Therapists Crying During Sessions: Some Research

Here’s a rarely studied issue: therapists crying. As reported in BPS Research Digest, researchers Amy C. Blume-Marcovici and colleagues surveyed 684 therapists in the U.S., a majority of whom were women, on this issue. Represented among the shrinks were varying theoretical orientations, e.g., CBT, psychodynamic,  eclectic, and more.

How many had ever cried during therapy? 72%—or most of them. And 30% of those who’d cried did so in the preceding four weeks.

Who were the most likely to cry? Older, more experienced therapists with a psychodynamic approach.

Did the women cry more than the men? Nope. Even though in their daily lives they did.

What were the stated reasons that the therapists cried in sessions? Mainly sadness and “feeling touched.” But also warmth, gratitude, and joy.

What kind of therapist personality cries the most? One who shows more openness, for starters. And to a little extent, more agreeableness and extraversion. But none of these findings were actually that significant, statistically speaking.

What effect does crying have on clients? As they weren’t the ones being surveyed, we don’t really know. But the therapists themselves mostly believed that it didn’t matter one way or the other or that it helped.
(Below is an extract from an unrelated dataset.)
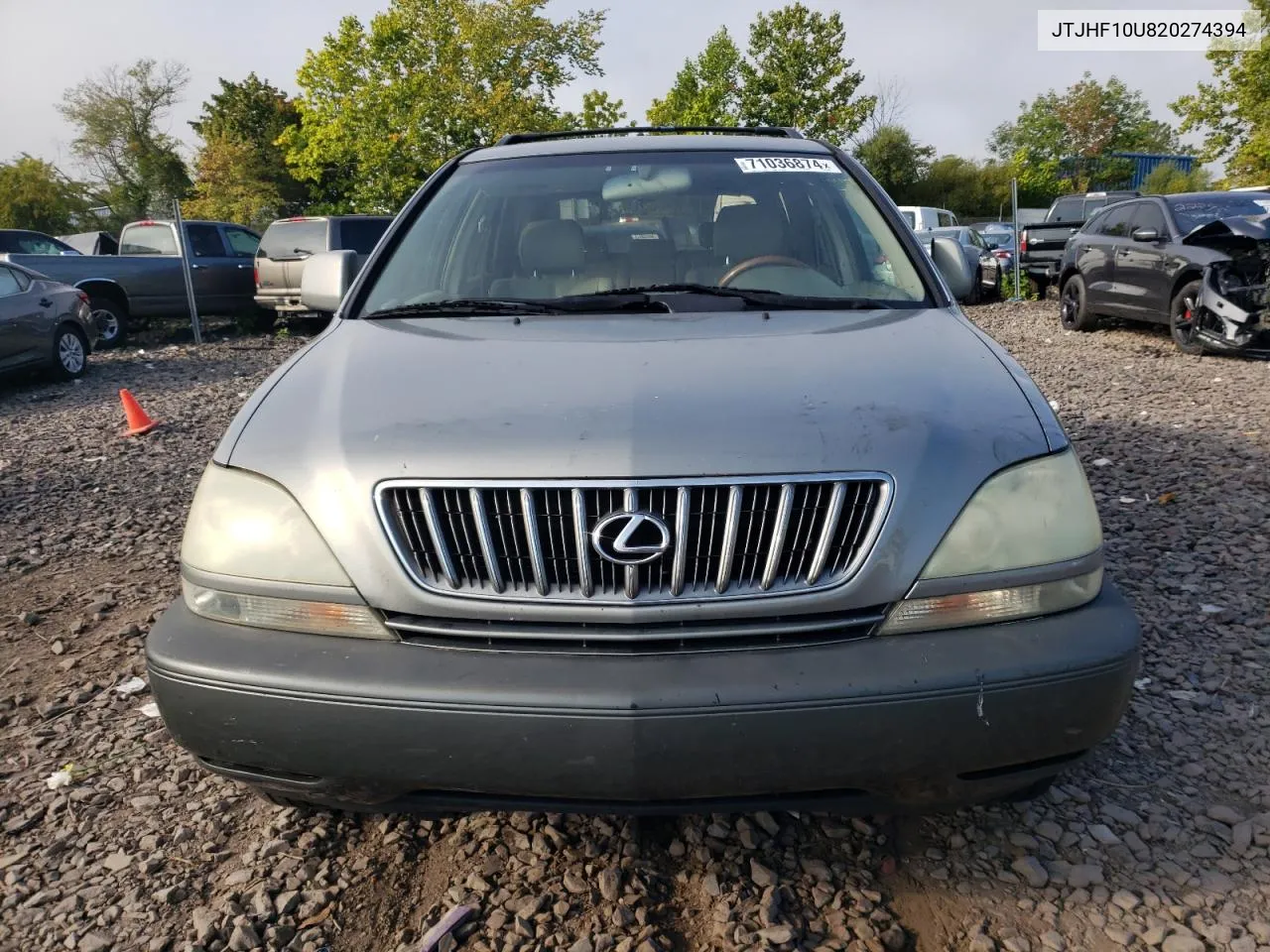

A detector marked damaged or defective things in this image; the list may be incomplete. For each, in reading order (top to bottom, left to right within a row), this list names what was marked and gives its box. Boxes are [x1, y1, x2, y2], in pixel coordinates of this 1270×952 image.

dark damaged suv [146, 125, 1143, 812]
Did any of the shrinks think it was harmful? Just less than a percent.

From BPS Research Digest: “Referring to the literature on therapist self-disclosure, the researchers speculated that perhaps therapist crying has a positive impact when the therapist-client relationship is already strong, but can threaten that relationship when it is weak or negative.”

Does anyone reading this have any thoughts about this study about therapists crying? Clients out there? Therapists? Therapists who are also clients?